Fernanda Quiroga still remembers how Lionel Messi played soccer in what were then dirt roads around their working-class neighbourhood in Rosario, Argentina.
“(Messi) was always kicking something, a ball, a bottle cap,” said Quiroga, who at 35 is the same age as the captain of Argentina’s national soccer team. “The memory I have of him because he lived right in front of my house, is going to buy sweet pastries at his grandmother’s around the block and he was always kicking something.”
Excitement for Sunday’s World Cup final, when Argentina will face defending champion France in Qatar, is rising fast, and anxiety is running particularly high in Messi’s hometown as many are hoping this will be the year when Messi finally wins the one major trophy that has been missing from his illustrious career.
“Even though it pains us all, it’s been said this is Leo’s last World Cup, so we’re all hoping he wins it, I think more for him than for the national team itself,” Quiroga said. “I think what weighs more this time around is that we want him to get it because he has generated so much love and respect.”
After beating Croatia in the semifinals Tuesday, Messi said Sunday’s match would likely be his last in a World Cup.
The neighbourhood popularly known as La Bajada has turned into a sort of altar for Messi with murals and graffiti that praise the soccer star.
“From another galaxy and from my neighbourhood,” reads graffiti that is seemingly ubiquitous in the area.
A large mural of Messi looking up at the sky is painted on the side of his old house that still belongs to his family.
“The little guy was very spicy.
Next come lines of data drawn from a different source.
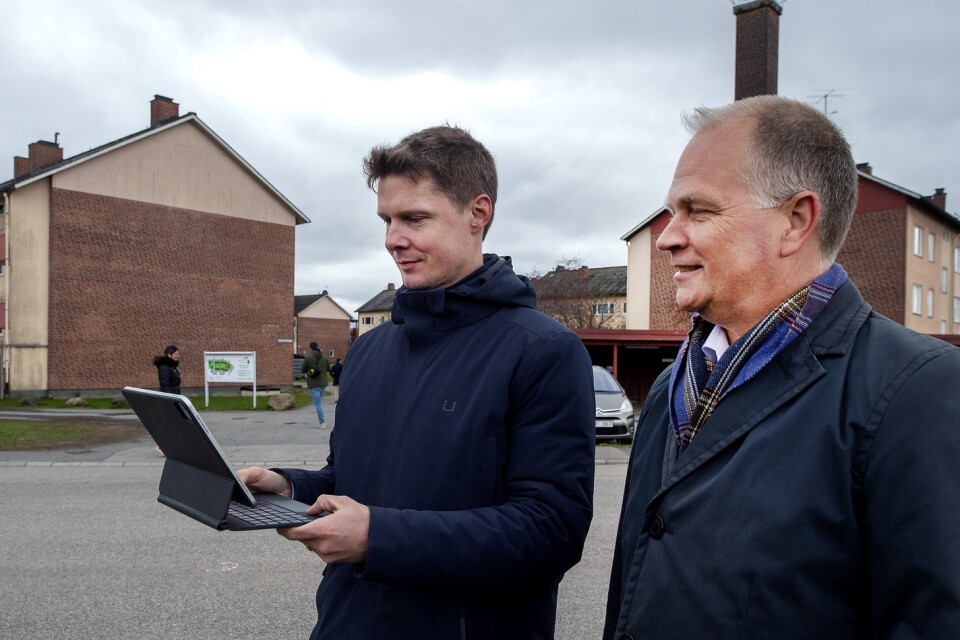 Mikael Torberntsson, Head of Community Development in Östra Göinge municipality, and Henrik Loveby, CEO of Göinghem. They believe that new homes could be a boost for the town centre in Hanaskog.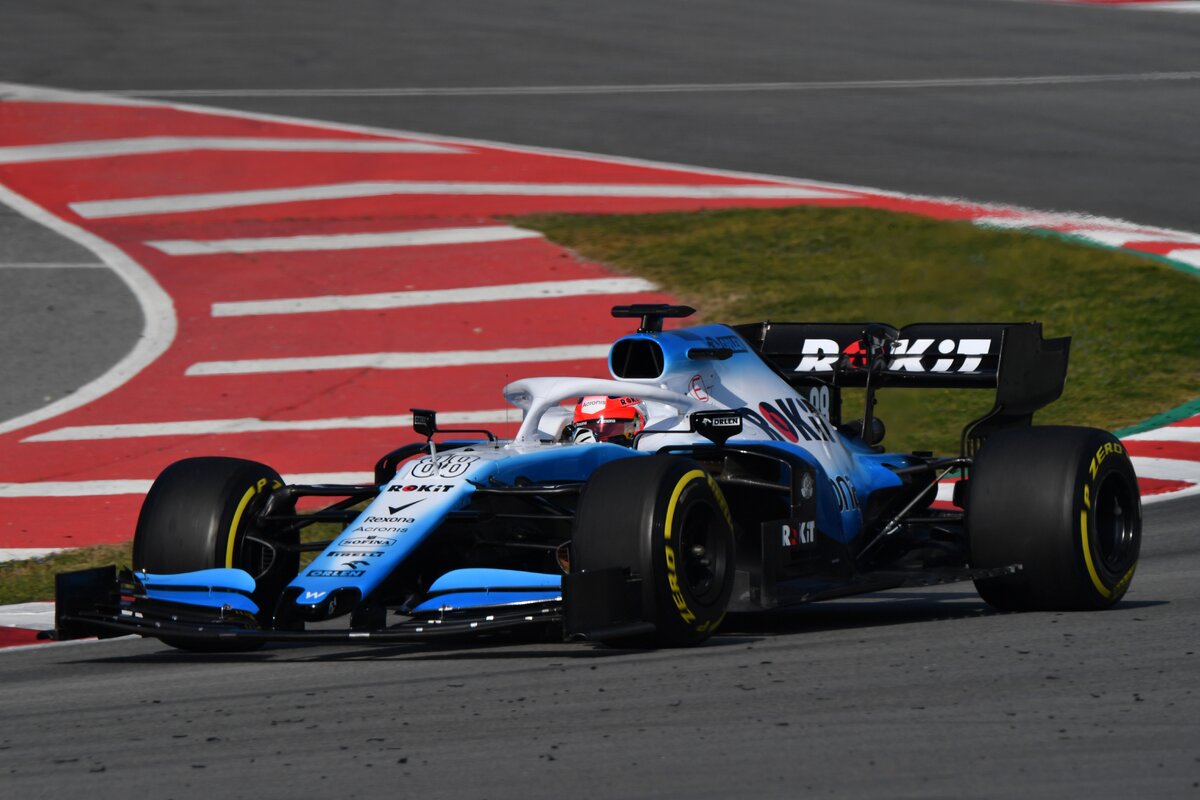 Роберт Кубица за рулём Williams FW42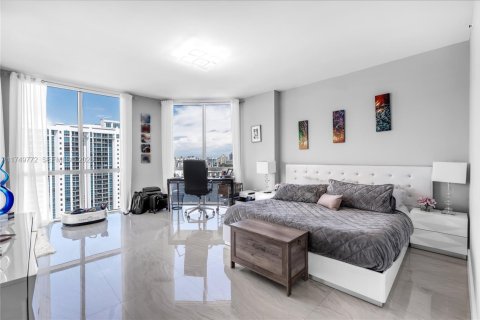 Condo in North Miami Beach, Florida, 2 bedrooms № 2244248 - photo 19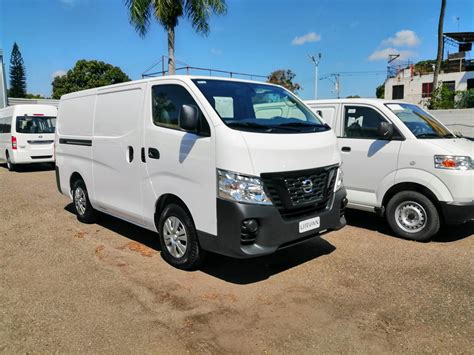 Nissan Urvan Techo Bajo El Yaque Motors Srl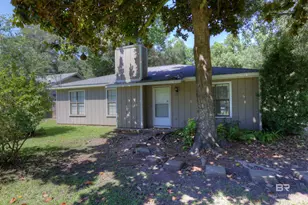 409 Nichols Ave, Fairhope, AL 36532 - Photo 2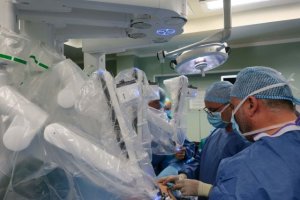 El Hospital La Candelaria realiza m&aacute;s de trescientas intervenciones con cirug&iacute;a rob&oacute;tica en 2025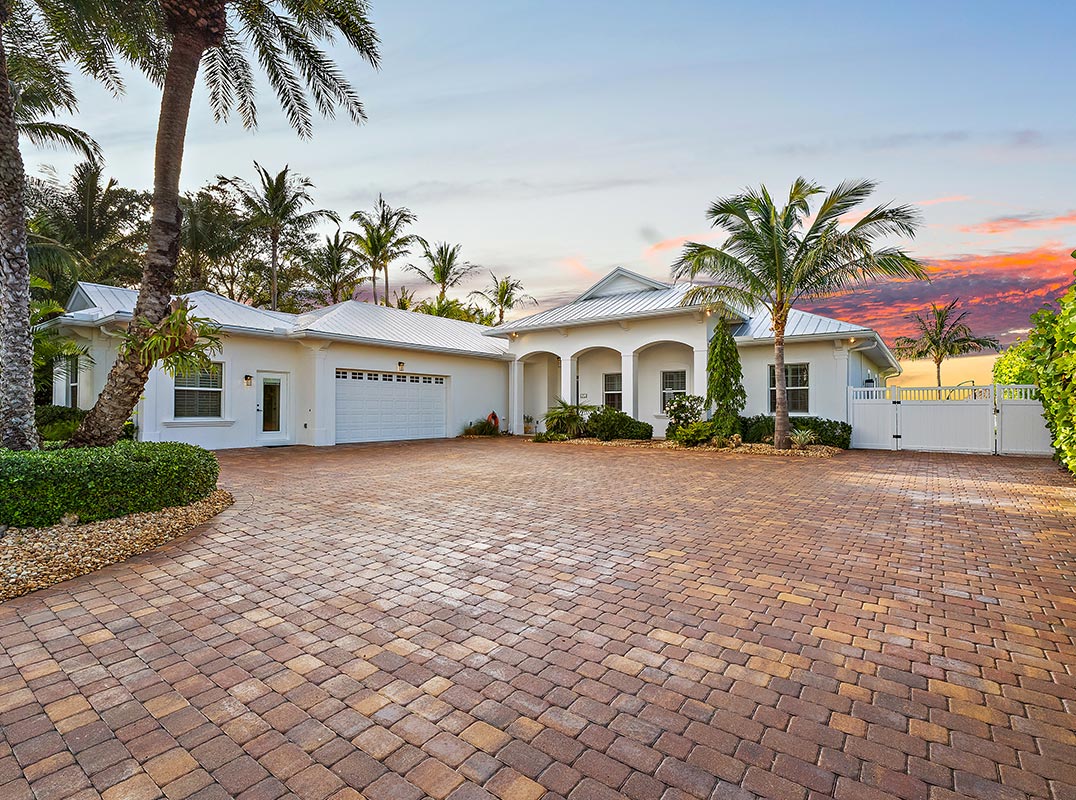 Waterfront Retreat on the Loxahatchee River
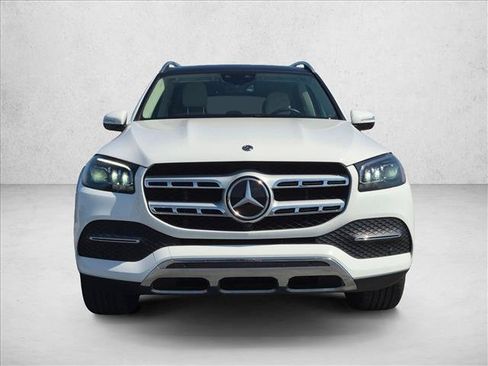 Used 2021 Mercedes-Benz GLS 450 4MATIC image 2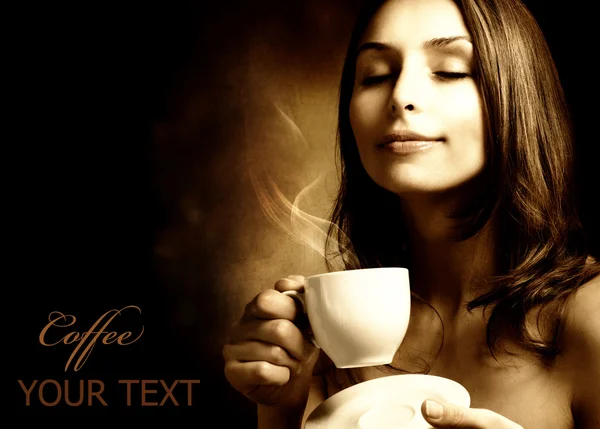 Krásná žena s kávou. izolované na černé. kopírování prostor — Stock fotografie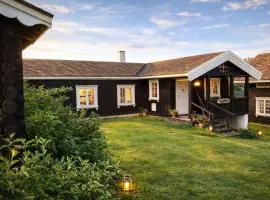 Smie på sjarmerende og historisk gård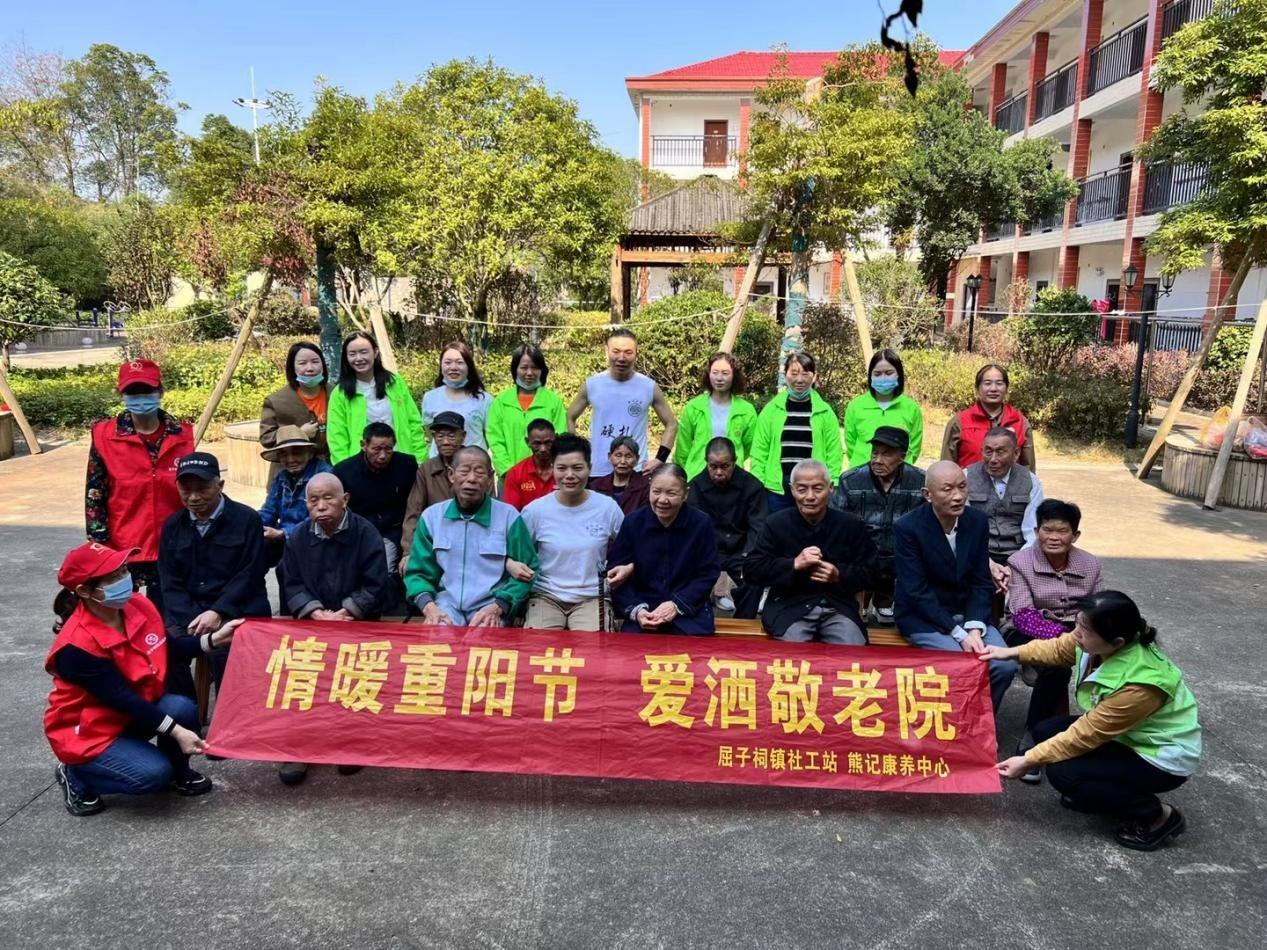 理发、修脚、按摩……屈子祠镇敬老院的老人们这样欢度重阳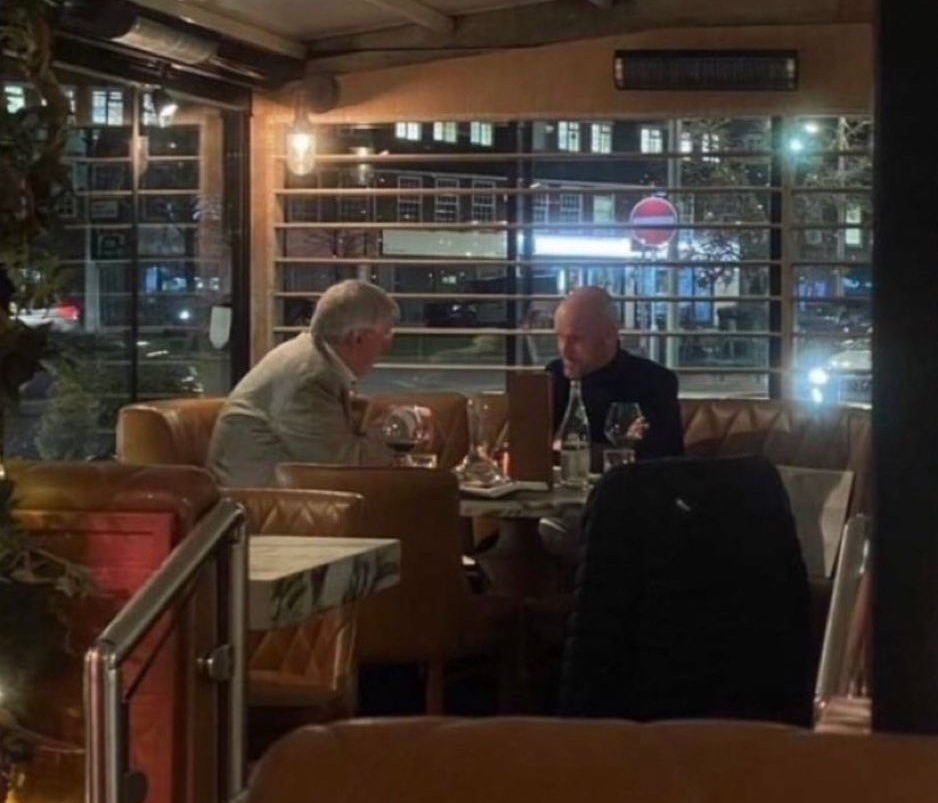 Ten Hag noi gi ve bua an toi voi Sir Alex? hinh anh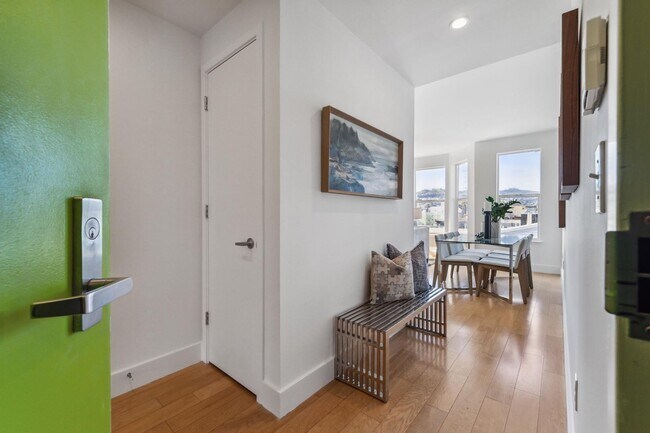 Building Photo - HIP 2BR/2BA Inner Mission Boutique Top Flo...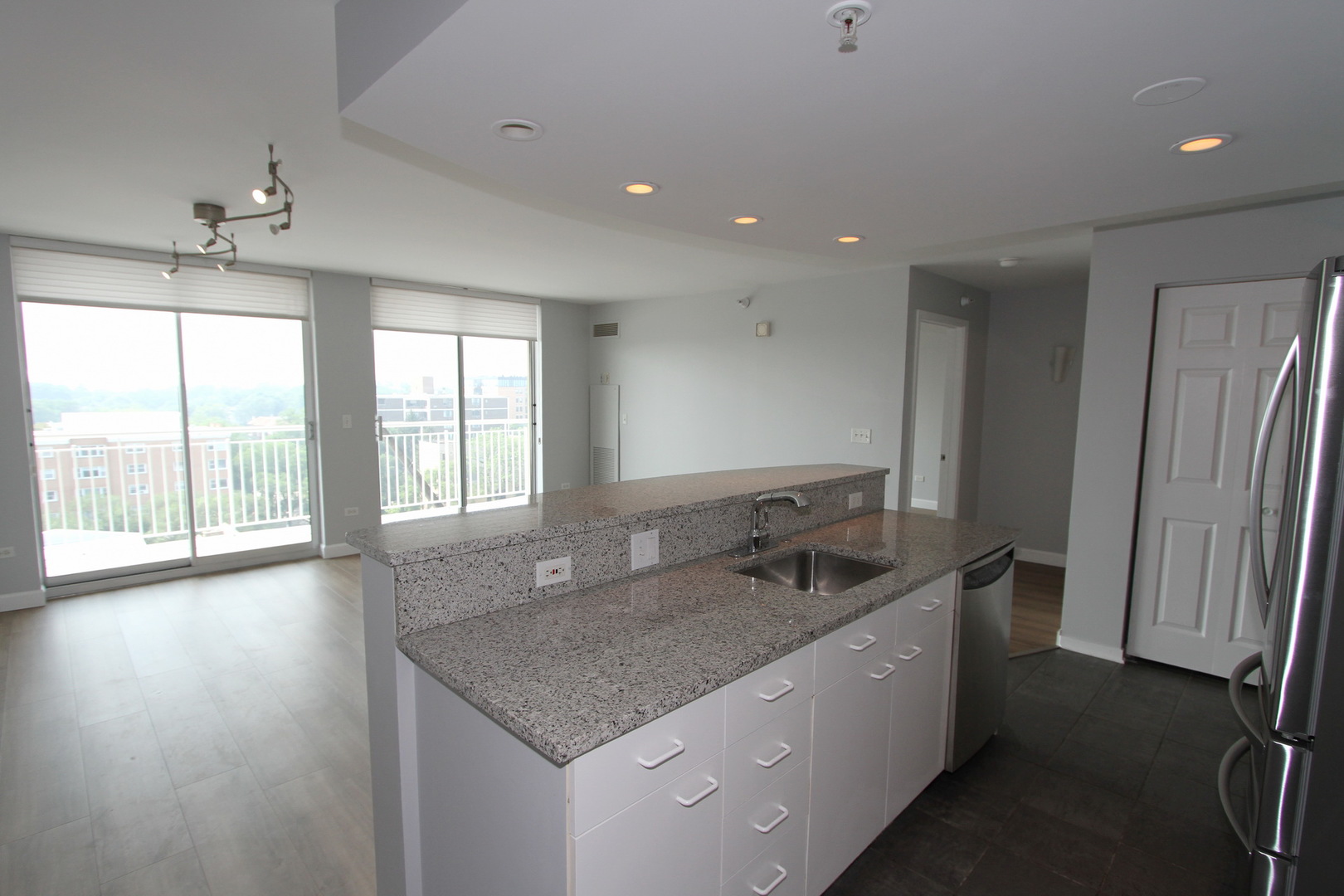 1640 Maple Avenue #804, Evanston, IL 60201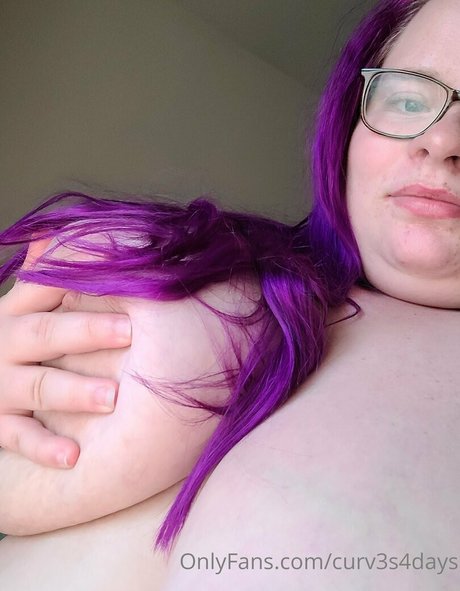 Photo nue de fuite OnlyFans de Curv3s4days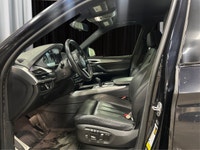 ALLOY WHEELS, POWER PASSENGER SEAT, HEATED FRONT SEATS, HEATED STEERING WHEEL, POWER MOONROOF, LEATH... (image 8)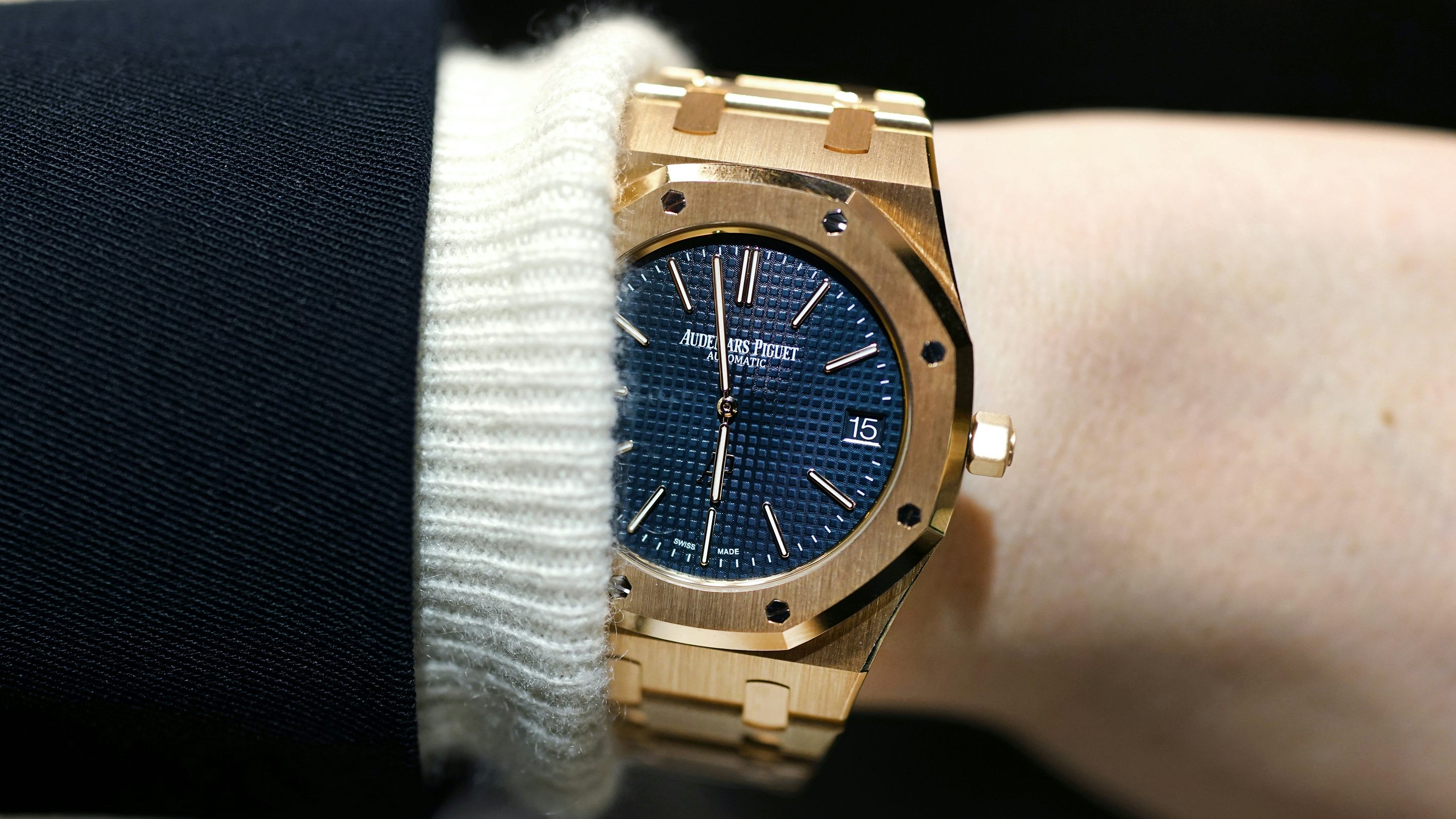 Audemars Piguet 15202 Jumbo: The Ultimate Royal Oak Extra-Thin Watch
If he got mad, he grabbed the ball and took it away,” said Marcelo Almada, a 37-year-old construction worker who played soccer with Messi in the streets around the neighbourhood where he still lives. “He didn’t like to lose … but he was a very good kid.”
With the World Cup, “there has been an explosion in the neighbourhood,” where “we’re all like brothers,” he added, noting that after every Argentina victory, people celebrate in the streets until the early hours of the morning.